Mumbai: Healthy growth in the core income led ICICI Bank to report a 44 per cent jump in its consolidated net profit for the April-June quarter of FY2023-24 to Rs 10,636 crore compared to the year-ago period.
The second largest private sector lender’s standalone net profit increased 39.7 per cent to Rs 9,648 crore. Its total standalone income in the first quarter rose to Rs 38,763 crore from Rs 28,337 crore a year ago, according to an exchange filing on Saturday.
Its core net interest income grew 38 per cent to Rs 18,227 crore on the back of an 18 per cent loan growth and the net interest margin expanding to 4.78 per cent.
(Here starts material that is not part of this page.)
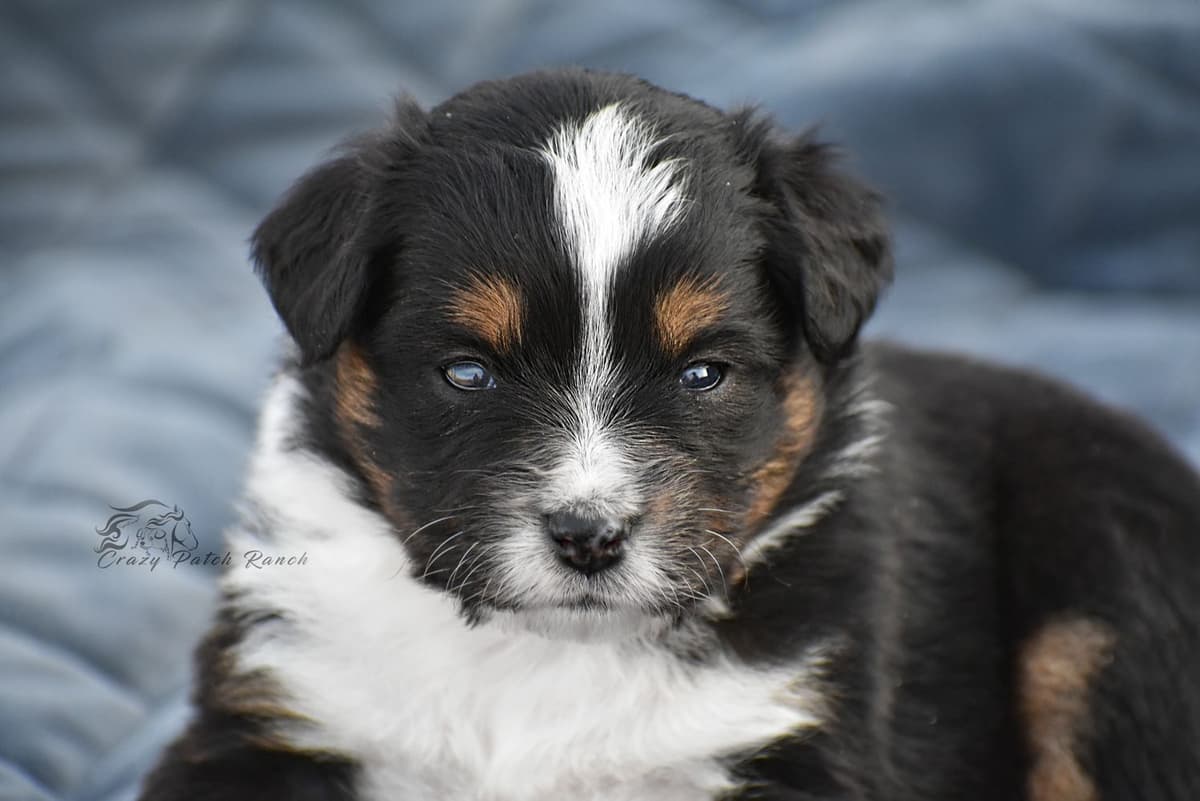 Miniature American Shepherd Puppies breeder image 23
ICICI Bank executive director Sandeep Batra said the NIMs have narrowed when compared with the quarter-ago period’s 4.9 per cent and will moderate further, but said that the same was not surprising and the bank expects the FY24 NIM to be at similar levels as the 4.5 per cent average achieved in FY23.
The non-interest income grew 12 per cent to Rs 5,183 crore. The domestic loan growth was led by retail segment, which grew by 21.9 per cent which now accounts for 46 per cent of the overall book. The mortgage book grew 16.6 per cent during the quarter.
Batra said the overseas advances decreased by over 29 per cent, which is in sync with the trend of the last two years.
On the asset quality front, gross non-performing assets ratio improved to 2.76 per cent from the previous quarter’s 2.81 per cent.
The gross slippages came at Rs 5,318 crore as against Rs 4,297 crore in the previous quarter. A bulk of Rs 5,012 crore of slippages came from the retail side.
Batra said the share of unsecured assets in the overall book stands at 12 per cent, and both the credit card and personal loans portfolio saw handsome growth in the quarter.
Over 60 per cent of the unsecured lending borrowers are customers of the bank and the bank is comfortable on the asset quality from this segment.